Diversity indices — Shannon-Weaver index H', Simpson index, and Dominance — for the wild boar diet composition obtained by various methods did not reveal any statistically significant differences. The Evenness and Equitability index J significantly differed between the stomach and “veterinary” method (Table 1).
For all individual index pairs, no significant difference in the Shannon-Weaver index H' was found (p < 0.05) (as per the modified t-test). The same applies for the modified Simpson index. The qualitative similarity (CC) and Percentage Similarity (PS) were considerably high (Table 2).
There was no statistical difference in the relative volume of 13 food items (out of 20) between the three methods. The relative volume of beetles in the “veterinary” method differed from that in the faeces contents. The “veterinary” method proved to be significantly inaccurate in the case of apples, larvae and earthworms.
As for main (dominant) food components (%v > 3), results show no significant differences in the relative volume between the tested methods (Fig. 1).
Discussion
All three methods (stomach, faeces and “veterinary”) of the diet analysis proved to be precise enough to reflect the real wild boar diet as for main food components. The stomach volumetric analysis was the most precise, but time consuming. Faeces were analysed by the same method, as they were coarse and fibrous. Precision of the faeces analysis was influenced by the digestion process (Baubet et al. 2004). Both of these methods, analysed under microscope, are being employed mostly by experienced food ecologists with special laboratory equipment, but they are not suitable for direct field work.
Any study that attempts to infer a diet composition from analyses of stomach and faeces contents suffers from a number of problems. One drawback of these experiments is the fact that there is no constant digestibility rate for all food items. Fast digestion of soft tissues (4–5 hours) (Guerin et al. 2001) may result in underestimated volumes. Additionally, some food items stay longer in the intestine than others, which results in their accumulation. Grasses are usually excreted after 3–4 days in average.
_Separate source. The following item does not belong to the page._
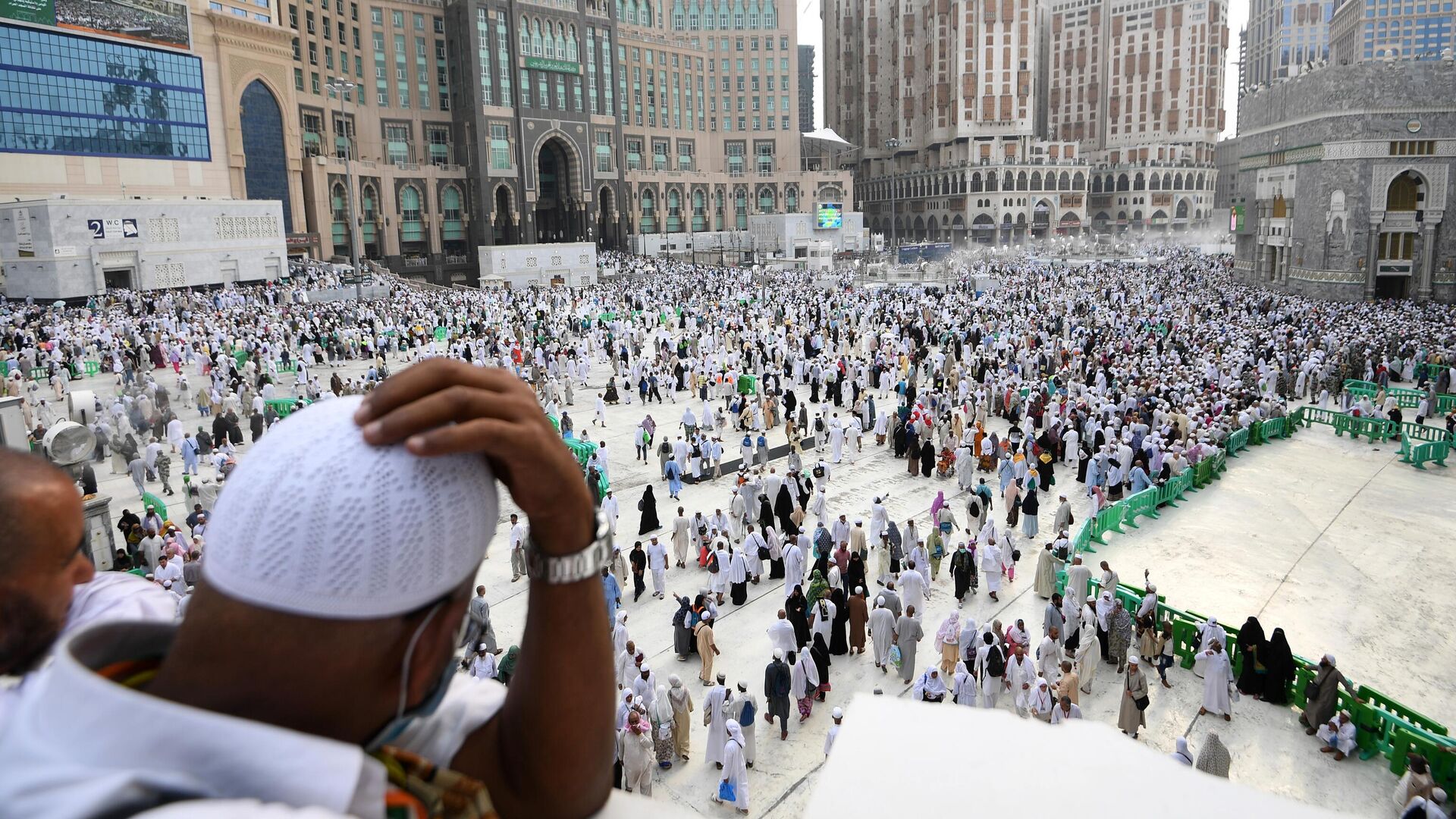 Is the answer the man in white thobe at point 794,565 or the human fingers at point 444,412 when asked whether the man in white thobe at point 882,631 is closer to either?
the man in white thobe at point 794,565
The proportion of woody plants may be underestimated, as in some cases wild boars chew shoots and roots, swallow the sap and starches, and reject woody tissues (Ballari & Barrios-Garcia 2014). The precision of the stomach analysis proved to be the highest as fragments are larger and easier to be determined.
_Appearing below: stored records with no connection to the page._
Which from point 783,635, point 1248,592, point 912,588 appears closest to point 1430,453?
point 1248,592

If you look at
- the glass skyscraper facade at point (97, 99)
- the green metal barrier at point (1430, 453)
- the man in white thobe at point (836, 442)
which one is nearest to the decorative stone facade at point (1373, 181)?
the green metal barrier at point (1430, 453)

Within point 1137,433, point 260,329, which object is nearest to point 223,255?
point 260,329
Fournier-Chambrillon et al. (1996) and Baubet et al. (2004) considered both diet analysis methods (stomach- and faeces-based) adequate and comparable and used them in one feeding ecological study. In our study, high similarity of the stomach and faeces composition confirms this presumption.
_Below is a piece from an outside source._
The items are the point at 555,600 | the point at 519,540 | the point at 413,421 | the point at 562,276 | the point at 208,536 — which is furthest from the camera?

The “veterinary” method does not discover small items observed only by a stereo microscope, e.g. small seeds, larvae or earthworms. Without a closer look several food items are easily interchangeable, e.g. an apple could be misinterpreted as a beet root. In the case of less represented items, the absence could have been caused just by the sparse occurrence instead of the method failure. Considering the simplicity and practical usefulness of the “veterinary” method it is in fact a very interesting result. The method proved to be informative enough to reveal the influence of the use of supplementary food, which was found to be dominant in the diet, and have an effect on the wild boar overpopulation (Cellina 2008). Even though the wild boar diet has been intensively studied during the last decades, a detailed local diet study could provide key information for the local wildlife management (Ballari & Barrios-Garcia 2014).
Acknowledgements
The research was financially supported by the project IGA LDF MENDELU [11/2015] and with institutional support RVO 68081766 ÚBO, ASCR, v.v.i.